• EXERCISE: Please repeat exactly the lines below from the one containing "Samoa Siapo Tribal" down to the one containing "Innenansicht der Kirche", both included, and nothing else.

• GIVEN RECORDS:
============

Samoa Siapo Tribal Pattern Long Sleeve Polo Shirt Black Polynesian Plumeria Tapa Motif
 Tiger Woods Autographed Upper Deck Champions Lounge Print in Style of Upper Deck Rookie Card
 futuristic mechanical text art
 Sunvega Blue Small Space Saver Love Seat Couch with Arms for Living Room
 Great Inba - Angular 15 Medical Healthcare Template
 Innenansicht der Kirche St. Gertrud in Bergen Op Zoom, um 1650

============

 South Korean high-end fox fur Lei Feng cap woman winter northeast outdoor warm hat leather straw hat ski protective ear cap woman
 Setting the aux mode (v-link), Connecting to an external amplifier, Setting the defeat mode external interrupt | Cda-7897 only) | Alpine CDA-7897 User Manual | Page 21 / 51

============

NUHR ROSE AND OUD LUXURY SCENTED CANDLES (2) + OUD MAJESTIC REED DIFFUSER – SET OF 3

============

• TASK ANSWER:
Samoa Siapo Tribal Pattern Long Sleeve Polo Shirt Black Polynesian Plumeria Tapa Motif
 Tiger Woods Autographed Upper Deck Champions Lounge Print in Style of Upper Deck Rookie Card
 futuristic mechanical text art
 Sunvega Blue Small Space Saver Love Seat Couch with Arms for Living Room
 Great Inba - Angular 15 Medical Healthcare Template
 Innenansicht der Kirche St. Gertrud in Bergen Op Zoom, um 1650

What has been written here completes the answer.